Zhai Furui, Mu Shanshan, Song Yinghui, Zhang Min, Zhang Cui, Lv Ze
Gynecological Clinic, Cangzhou Central Hospital, Cangzhou City, Hebei Province, People's Republic of China.
Cancer Manag Res. 2024 Sep 6;16:1175-1187. doi: 10.2147/CMAR.S484057. eCollection 2024.
This study aims to develop a machine learning (ML) model to predict the risk of residual or recurrent high-grade cervical intraepithelial neoplasia (CIN) after loop electrosurgical excision procedure (LEEP), addressing a critical gap in personalized follow-up care.
A retrospective analysis of 532 patients who underwent LEEP for high-grade CIN at Cangzhou Central Hospital (2016-2020) was conducted. In the final analysis, 99 women (18.6%) were found to have residual or recurrent high-grade CIN (CIN2 or worse) within five years of follow-up.

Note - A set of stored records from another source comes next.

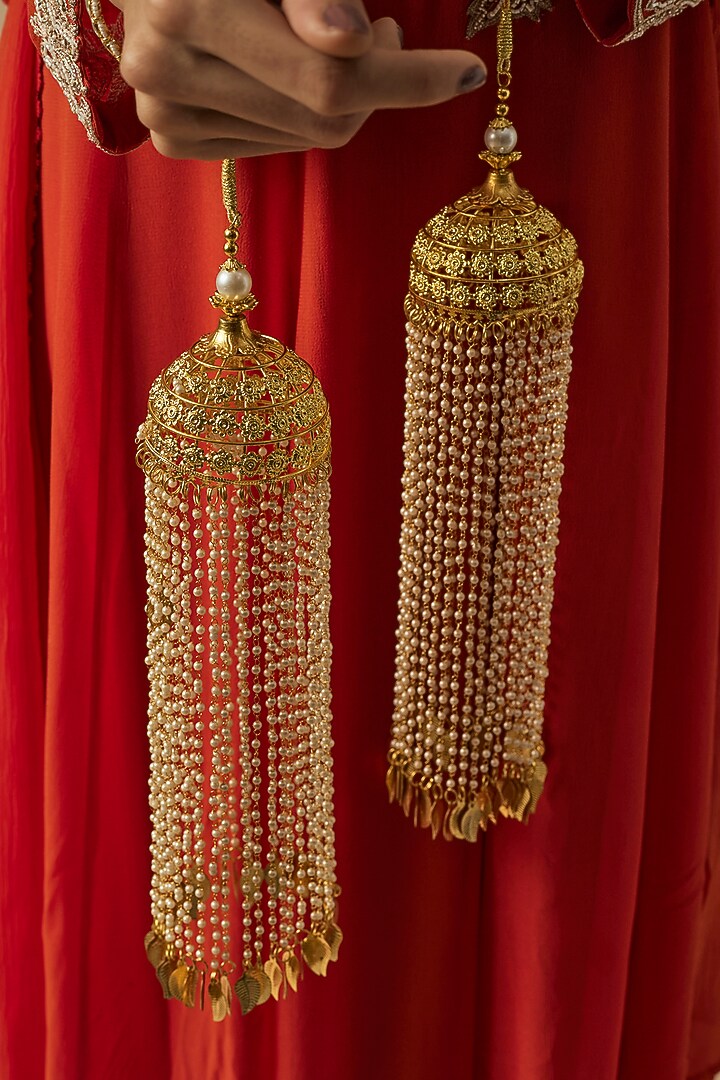 Gold Finish Kundan Polki & Pearl Strand Tying Kaleeras (Set Of 2) by Vivinia By Vidhi Mehra at Pernia's Pop Up Shop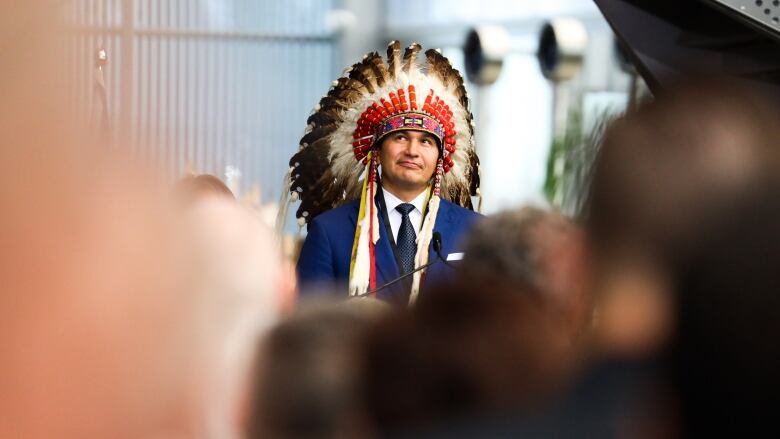 A man wearing a headdress stands in front of a crowd of people.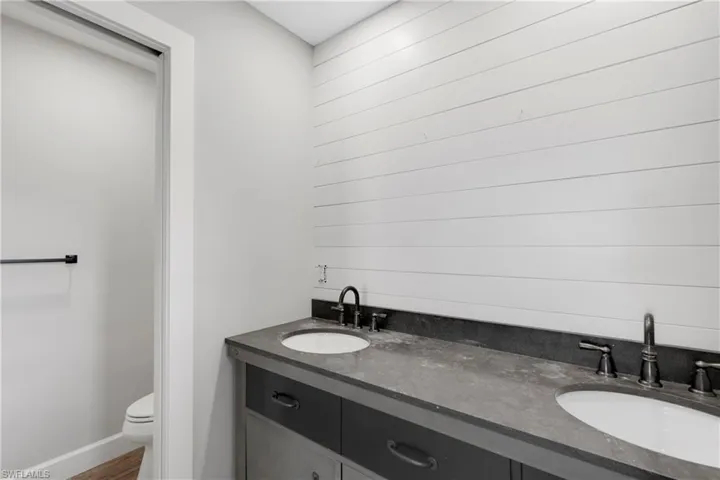 Bathroom with vanity and toilet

Four feature selection methods identified significant predictors of residual or recurrent CIN. Eight ML algorithms were evaluated using performance metrics such as AUROC, accuracy, sensitivity, specificity, PPV, NPV, F1 score, calibration curve, and decision curve analysis. Fivefold cross-validation optimized and validated the model, and SHAP analysis assessed feature importance.
The XGBoost algorithm demonstrated the highest predictive performance with the best AUROC. The optimized model included six key predictors: age, ThinPrep cytologic test (TCT) results, HPV classification, CIN severity, glandular involvement, and margin status. SHAP analysis identified CIN severity and margin status as the most influential predictors. An online prediction tool was developed for real-time risk assessment.

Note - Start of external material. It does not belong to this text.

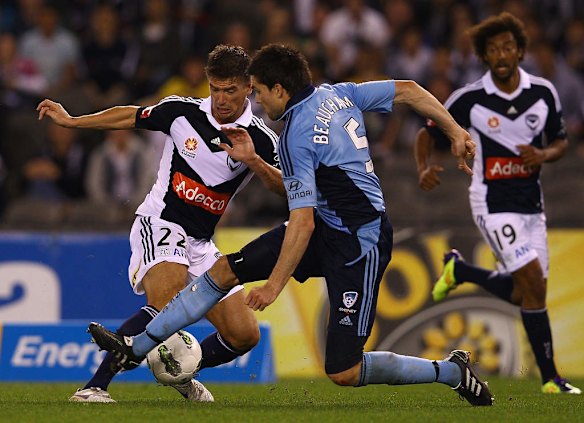 Michael Beauchamp of Sydney tackles Harry Kewell of the Victory during the round one A-League match between Melbourne Victory and Sydney FC at Etihad Stadium on October 8, 2011 in Melbourne, Australia.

This ML-based predictive model for post-LEEP high-grade CIN provides a significant advancement in gynecologic oncology, enhancing personalized patient care and facilitating early intervention and informed clinical decision-making.
本研究旨在开发一种机器学习(ML)模型,以预测环形电切术(LEEP)后残留或复发性高级别宫颈上皮内瘤变(CIN)的风险,填补个性化后续护理中的关键空白。
对沧州中心医院(2016 - 2020年)532例因高级别CIN接受LEEP手术的患者进行回顾性分析。在最终分析中,发现99名女性(18.6%)在随访五年内出现残留或复发性高级别CIN(CIN2或更严重)。四种特征选择方法确定了残留或复发性CIN的显著预测因素。使用诸如AUROC、准确性、敏感性、特异性、PPV、NPV、F1分数、校准曲线和决策曲线分析等性能指标评估了八种ML算法。五折交叉验证优化并验证了模型,SHAP分析评估了特征重要性。
XGBoost算法表现出最高的预测性能和最佳的AUROC。优化后的模型包括六个关键预测因素:年龄、薄层液基细胞学检测(TCT)结果、HPV分类、CIN严重程度、腺体受累情况和切缘状态。SHAP分析确定CIN严重程度和切缘状态是最有影响力的预测因素。开发了一个在线预测工具用于实时风险评估。
这种基于ML的LEEP术后高级别CIN预测模型在妇科肿瘤学方面取得了重大进展,增强了个性化患者护理,并促进了早期干预和明智的临床决策。